IDG Contributor Network: ETL is dead

IDG Contributor Network: ETL is dead

Extract, transform, and load. It doesn’t sound too complicated. But, as anyone who’s managed a data pipeline will tell you, the simple name hides a ton of complexity.

And while none of the steps are easy, the part that gives data engineers nightmares is the transform. Taking raw data, cleaning it, filtering it, reshaping it, summarizing it, and rolling it up so that it’s ready for analysis. That’s where most of your time and energy goes, and it’s where there’s the most room for mistakes.

If ETL is so hard, why do we do it this way?

The answer, in short, is because there was no other option. Data warehouses couldn’t handle the raw data as it was extracted from source systems, in all its complexity and size. So the transform step was necessary before you could load and eventually query data. The cost, however, was steep.

Rather than maintaining raw data that could be transformed into any possible end product, the transform shaped your data into an intermediate form that was less flexible. You lost some of the data’s resolution, imposed the current version of your business’ metrics on the data, and threw out useless data.
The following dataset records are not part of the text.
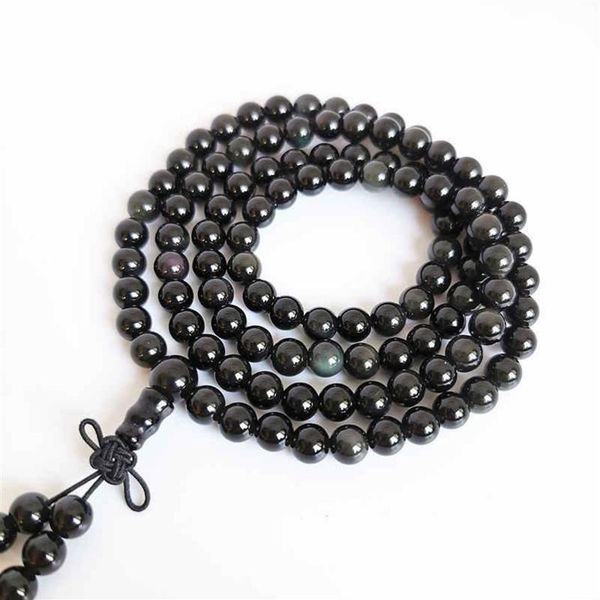 6mm natural obsidiana contas redondas pulseiras com olhos de arco-íris 108 oração meditação mala bro501 fios frisados276j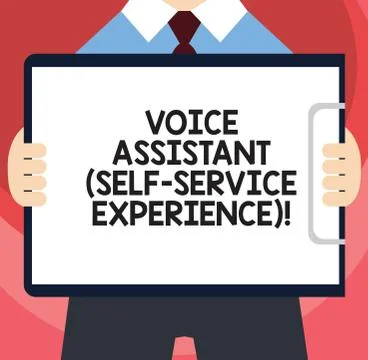 Handwriting text writing Voice Assistant Self Service Experience. Concept Stock Illustration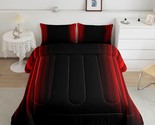 Abstract Ombre Comforter Set Kids Teens Red And Black Bedding Set Room D... - $87.99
And if any of that changed—if you needed hourly data when previously you’d only processed daily data, if your metric definitions changed, or some of that “useless” data turned out to not be so useless after all—then you’d have to fix your transformation logic, reprocess your data, and reload it.
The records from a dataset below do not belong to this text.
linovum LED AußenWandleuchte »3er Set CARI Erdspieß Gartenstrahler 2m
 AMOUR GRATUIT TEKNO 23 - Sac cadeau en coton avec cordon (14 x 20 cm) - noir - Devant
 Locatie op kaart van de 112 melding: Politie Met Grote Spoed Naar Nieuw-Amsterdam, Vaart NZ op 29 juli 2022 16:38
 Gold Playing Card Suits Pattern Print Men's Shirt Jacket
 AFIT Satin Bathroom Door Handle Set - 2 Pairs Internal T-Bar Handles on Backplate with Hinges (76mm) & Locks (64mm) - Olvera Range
The fix might take days or weeks

It wasn’t a great system, but it’s what we had.

So as technologies change and prior constraints fall away, it’s worth asking what we would do in an ideal world—one where data warehouses were infinitely fast and could handle data of any shape or size. In that world, there’d be no reason to transform data before loading it. You’d extract it and load it in its rawest form.

You’d still want to transform the data, because querying low-quality, dirty data isn’t likely to yield much business value. But your infinitely fast data warehouse could handle that transformation right at query time. The transformation and query would all be a single step. Think of it as just-in-time transformation. Or ELT.
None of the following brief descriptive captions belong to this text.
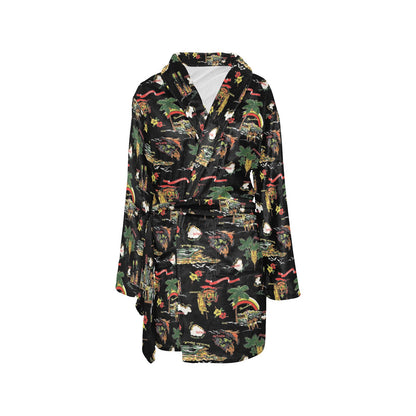 Hawaiian Island Themed Print Women's Fleece Robe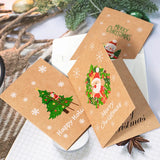 Triogift 6/12pcs Vintage Merry Christmas Holiday Greeting Cards Kraft paper Gift Card with Envelope Sticker New Year Xmas Folding Card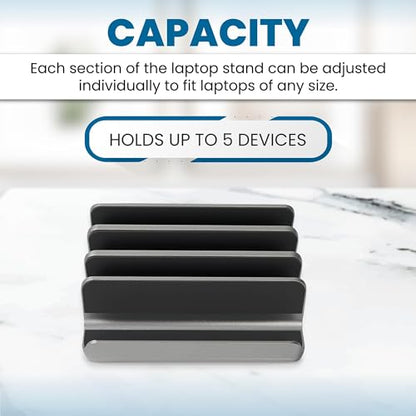 Elestoria 5- Slot Vertical Laptop Stand - Aluminum Laptop Stand Vertical for Desk - Fits MacBook Pro/Air, Surface, Mobiles & Gaming Laptops up to 17.3" - Heavy Duty Laptop Holder for Desk - (Black) - color: Black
The advantage of this imaginary system is clear: You wouldn’t have to decide ahead of time which data to discard or which version of your metric definitions to use. You’d always use the freshest version of your transformation logic, giving you total flexibility and agility.

So, is that the world we live in? And if so, should we switch to ELT?

Not quite. Data warehouses have indeed gotten several orders of magnitude faster and cheaper. Transformations that used to take hours and cost thousands of dollars now take seconds and cost pennies. But they can still get bogged down with misshapen data or huge processes.

So there’s still some transformation that’s best accomplished outside the warehouse. Removing irrelevant or dirty data, and doing heavyweight reshaping, is still often a preloading process. But this initial transform is a much smaller step and thus much less likely to need updating down the road.

Basically, it’s gone from a big, all-encompassing ‘T’ to a much smaller ‘t’

Once the initial transform is done, it’d be nice to move the rest of the transform to query time. But especially with larger data volumes, the data warehouses still aren’t quite fast enough to make that workable. (Plus, you still need a good way to manage the business logic and impose it as people query.)

So instead of moving all of that transformation to query time, more and more companies are doing most of it in the data warehouse—but they’re doing it immediately after loading. This gives them lots more agility than in the old system, but maintains tolerable performance. For now, at least, this is where the biggest “T” is happening.

The lightest-weight transformations—the ones the warehouses can do very quickly—are happening right at query time. This represents another small “t,” but it has a very different focus than the preloading “t.” That’s because these lightweight transformations often involve prototypes of new metrics and more ad hoc exploration, so the total flexibility that query-time transformation provides is ideal.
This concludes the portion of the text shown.